■ Action item ■
Leaving out the images, return the data below exactly as it is written.

■ Information shown ■
[Start of Attachment]

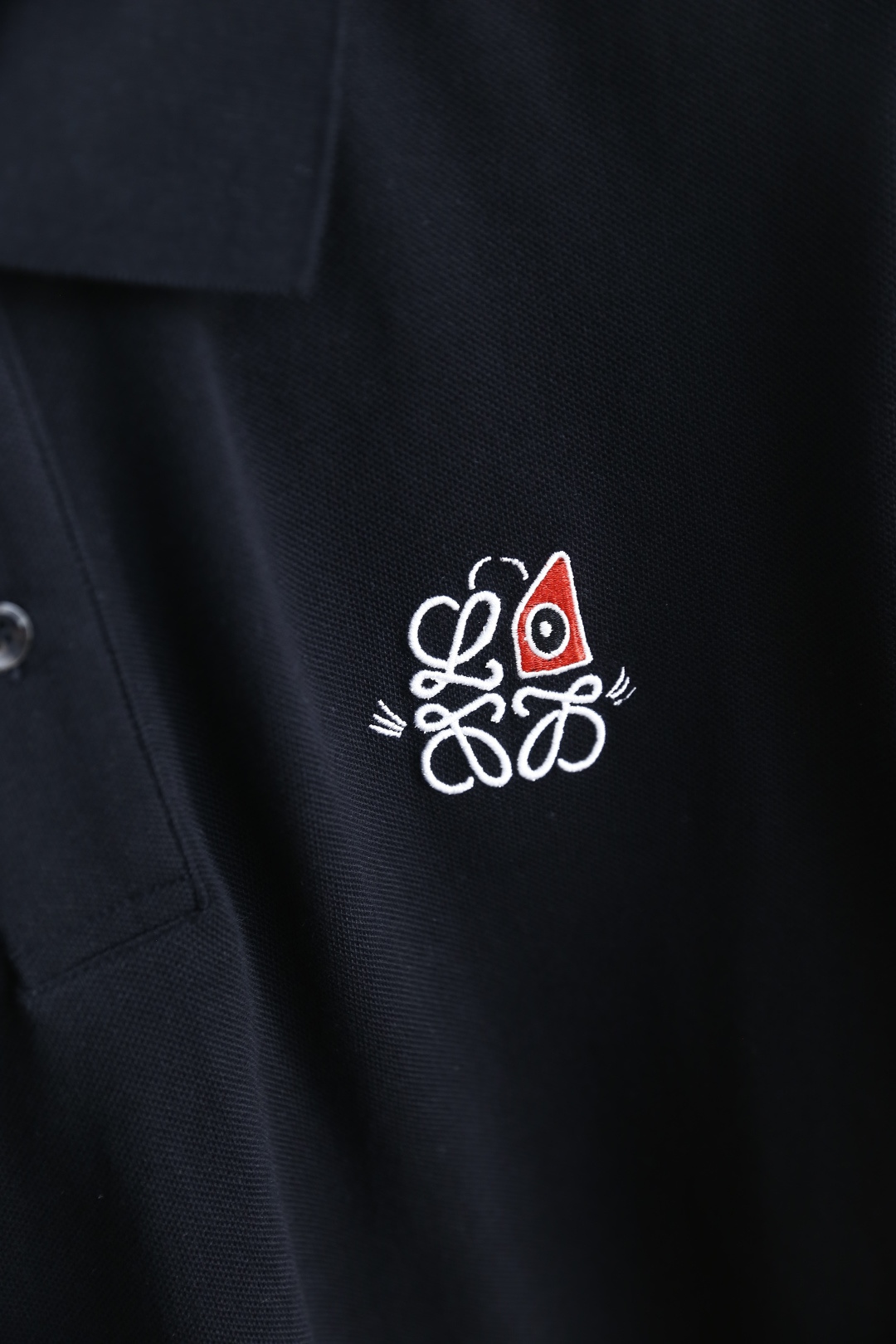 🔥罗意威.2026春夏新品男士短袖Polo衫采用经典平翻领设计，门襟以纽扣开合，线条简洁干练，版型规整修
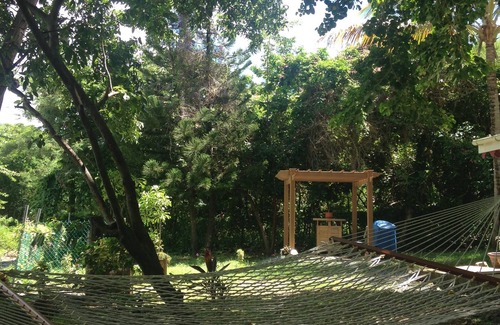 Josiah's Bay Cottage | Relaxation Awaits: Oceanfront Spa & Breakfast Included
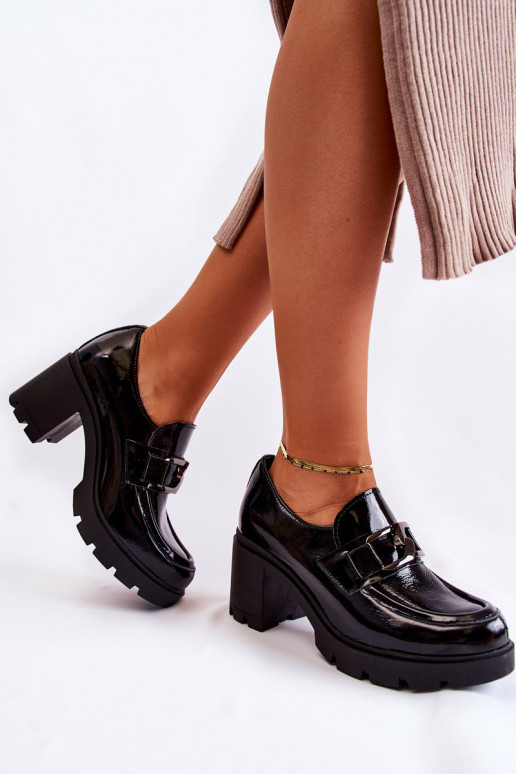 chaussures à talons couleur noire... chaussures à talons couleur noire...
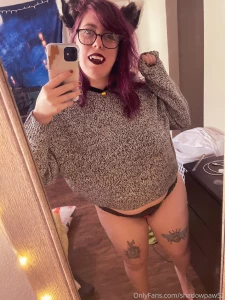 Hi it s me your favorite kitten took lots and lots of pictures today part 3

[End of Attachment]

■ Task answer ■
 🔥罗意威.2026春夏新品男士短袖Polo衫采用经典平翻领设计，门襟以纽扣开合，线条简洁干练，版型规整修
 Josiah's Bay Cottage | Relaxation Awaits: Oceanfront Spa & Breakfast Included
 chaussures à talons couleur noire... chaussures à talons couleur noire...
 Hi it s me your favorite kitten took lots and lots of pictures today part 3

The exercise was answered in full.